Roberto Fico e il PD: la scelta sotto dettatura?
Per superare De Luca e anche il “deluchismo”, il Partito Democratico, di cui Vincenzo De Luca è comunque un esponente, ha demandato al sindaco di Napoli Gaetano Manfredi la tessitura della tela. E l’ex rettore dell’Università Federico II di Napoli ha rinverdito i fasti bizantini del parakoimomenos: il gran ciambellano che tesse e decide mentre al popolo viene offerto un volto di un imperatore fantoccio. Nel copione che sta prendendo forma, Manfredi applica lo stesso schema a Roberto Fico: propone il suo nome come “figura di porpora” ma tiene salde le leve (liste, alleanze territoriali, programmazione delle candidature, criteri per la futura giunta, nomine-chiave nel sottogoverno regionale). A Fico il ruolo di simbolo del “superamento del deluchismo”; a Manfredi la regia dei contratti politici, la gestione del dossier amministrativo e il controllo dell’agenda negoziale con gli alleati civici e i potentati locali. E con De Luca stesso.
Di fronte a questo schema, De Luca prima ha detto “mai”, poi “no”, poi “non credo” e poi ha aperto il tavolo negoziale, che ha portato alla candidatura unica e dunque all’elezione di suo figlio Piero come segretario regionale del PD e soprattutto alla legittimazione della sua lista personale “A Testa Alta” come un pezzo della futura coalizione elettorale campolarghista. Per la verità, De Luca di liste ne voleva due, ma alla fine si è accontentato di averne una sola e di sparpagliare suoi uomini e donne nelle diverse liste, tanto nel centrosinistra, quanto nel centrodestra.

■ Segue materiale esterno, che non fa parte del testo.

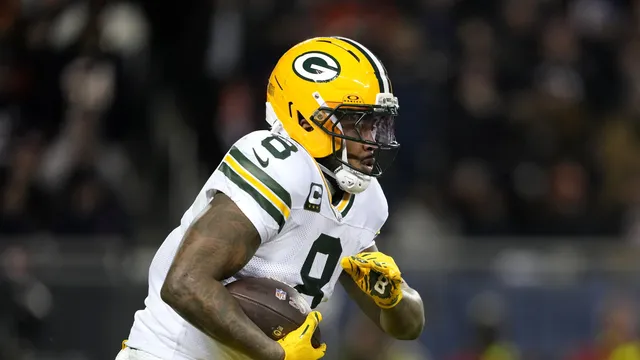 Josh Jacobs faces legal troubles after arrest in Wisconsin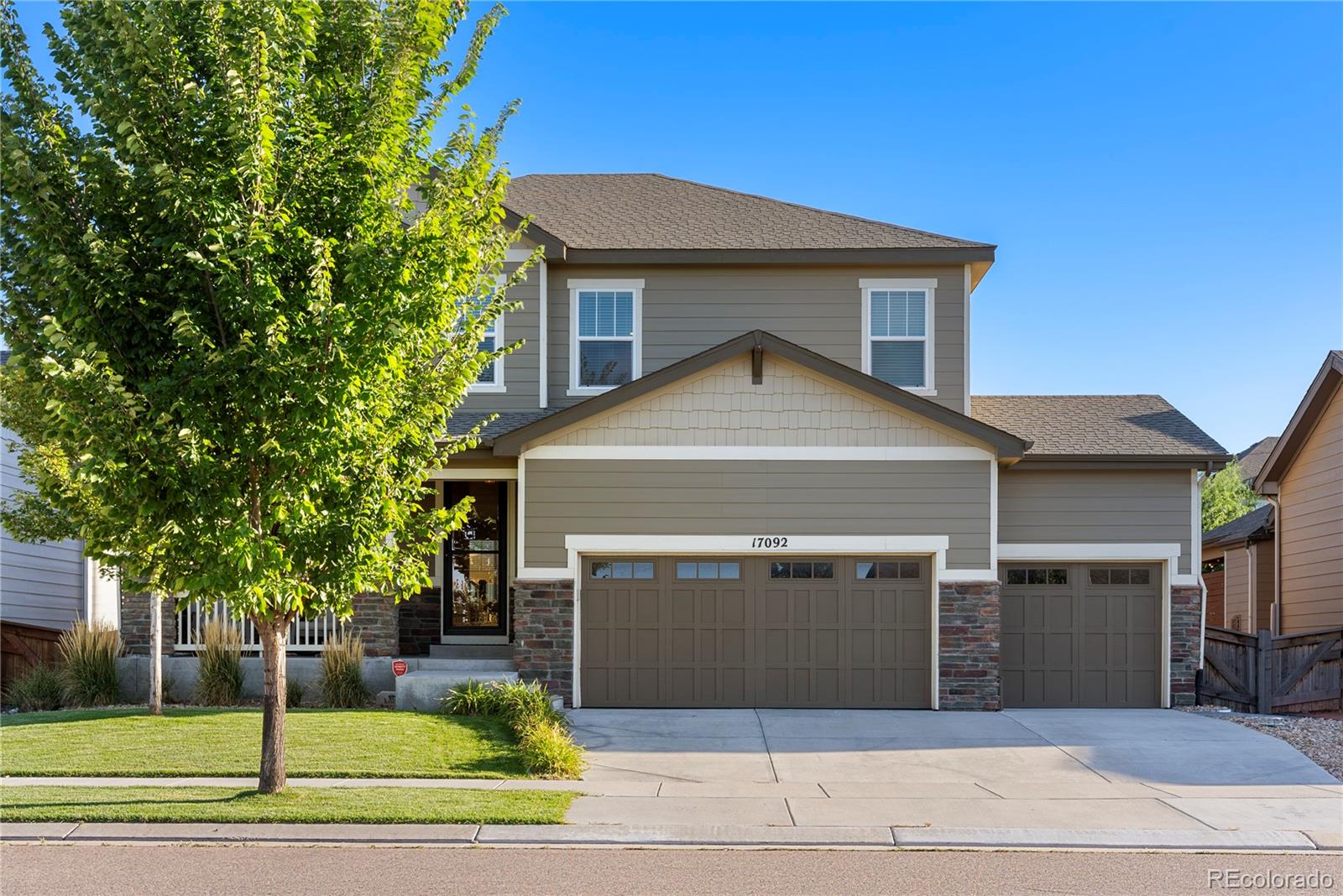 MLS Image #37 for 17092 e 110th place,commerce city, Colorado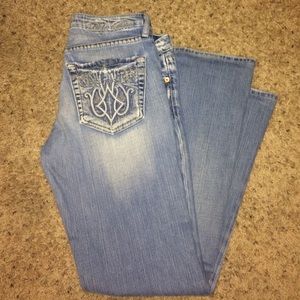 BIG STAR JEANS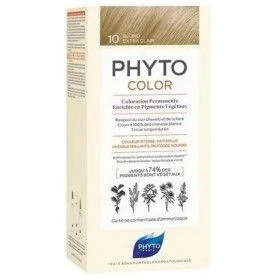 Tintura Permanente Saga Nysha Color Pro Nº 5.1 (100 ml) | Epamu | Beauty Shop - Parfums, Make-up & Essentials Epamu.eu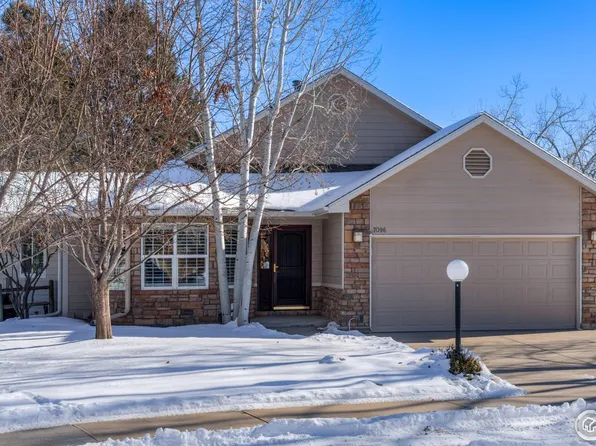 7096 Johnson Cir, Niwot, CO 80503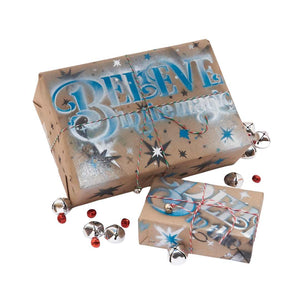 Holiday Paint-Your-Own Ugly Sweater Ornaments Kit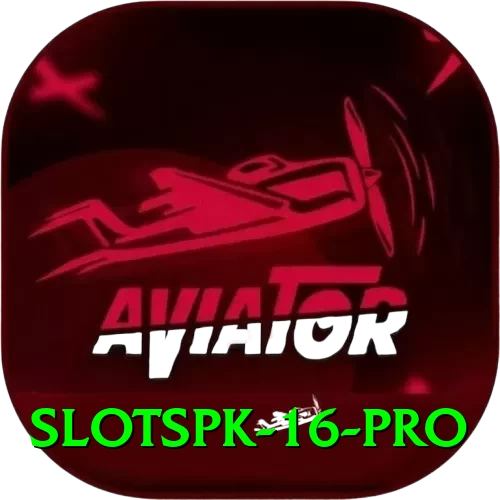 slotspk 16 Gaming Prime v5.4.4 - 2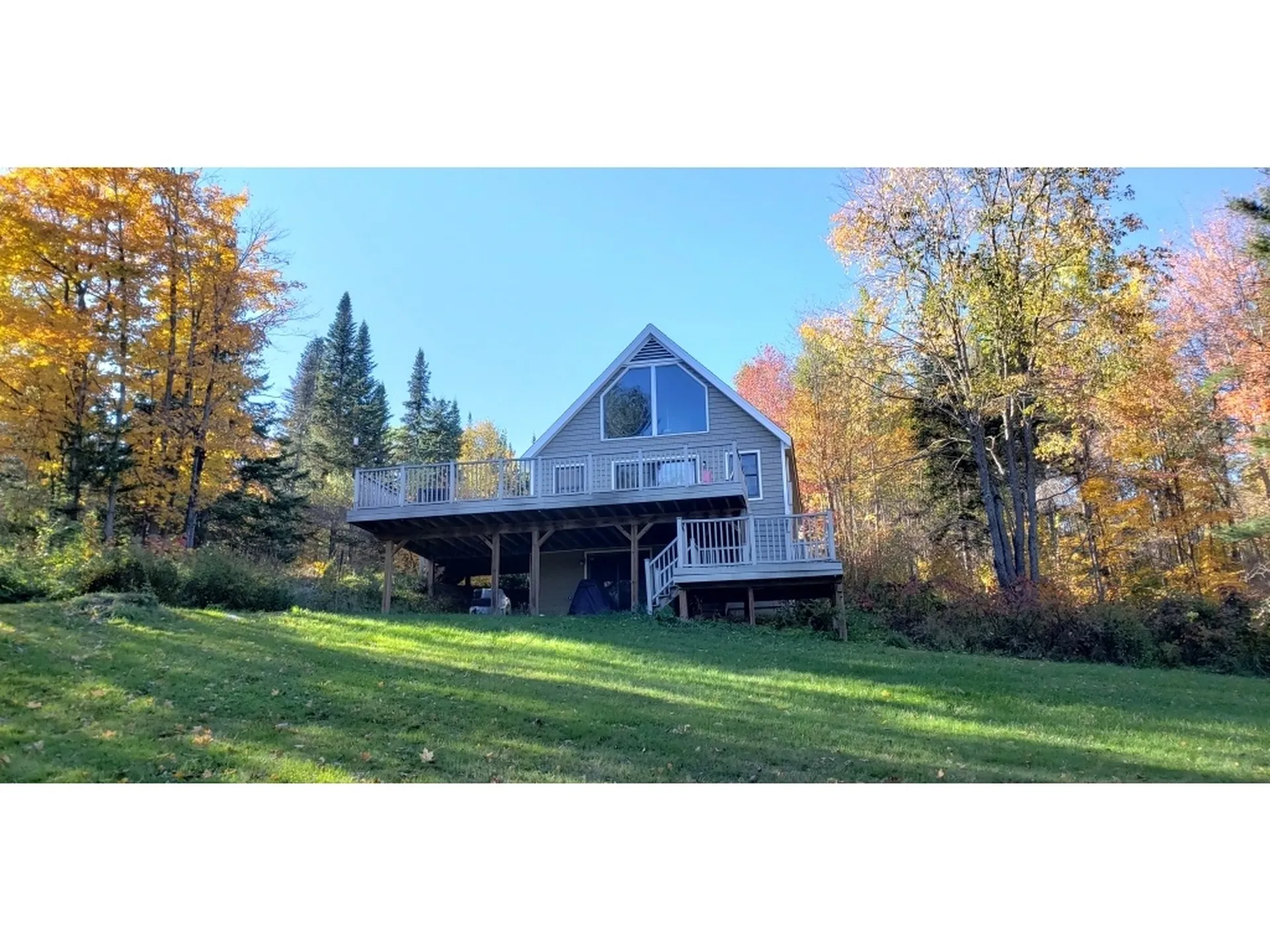 328 Bear Farm Road Northfield VT 05663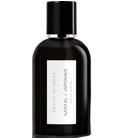 parfém Santal / Japonais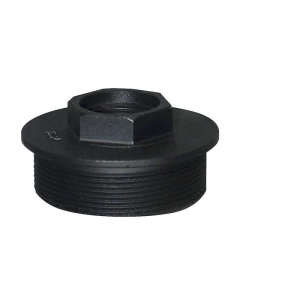 YHM HUB DIRECT THREAD MOUNTT 1/2X28mm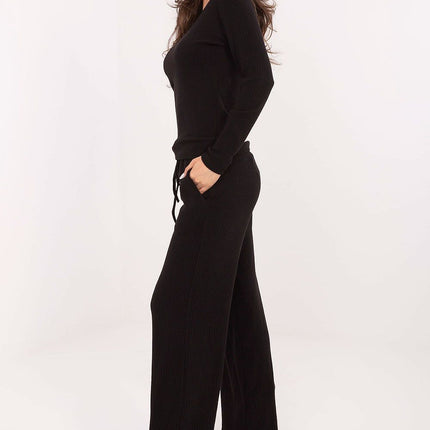  Women trousers model 221381 Factory Price 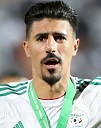 baghdad bounedjah
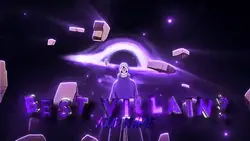 BEST VILLAIN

L’assenza pesante di una candidatura forte nell’opposizione
Se da una parte c’è questa dinamica competitiva-cooperativa tra i probabili vincitori, dall’altra l’opposizione appare smarrita e rinunciataria. Prendiamo Fratelli d’Italia, partito di governo e della premier Meloni. Aveva forse una carta vincente: Catello Maresca, magistrato di spessore, uomo di specchiata rettitudine e con un profilo capace di parlare a un elettorato ampio e trasversale. Ma niente da fare: il suo nome non è stato avanzato. Aveva la possibilità di proporre un tecnico che si sta facendo apprezzare come commissario della ZES del Sud, Giosi Romano, ma anche il suo nome è rimasto alla fine nel cassetto, perché il timore dei maggiorenti campani del centrodestra è l’emersione di figure nuove che possano scalfire la loro imperitura rendita di posizione locale (anzi, rendita di opposizione).
A tutto questo, si aggiunge la candidatura folkloristica di Stefano Bandecchi, outsider con importanti risorse economiche e mediatiche, che però è più un modo per arricchire la commedia eduardesca di traffici di beni e potere, che una vera offerta politica alternativa. Per chi avesse dubbi in merito, segnalo la candidatura della “già dottoressa” Maria Rosaria Boccia nelle fila bandecchiane.
Se la Campania fosse un campo da calcio, ci sembrerebbe a queste elezioni di assistere a una partita Brasile contro Giugliano Calcio. Un divario tale da rendere la partita una formalità, un atto di presenza più che una sfida vera. Un contratto, appunto, che si rinnova ciclicamente per mantenere e resuscitare il potere (incluso quello dei capi dell’opposizione).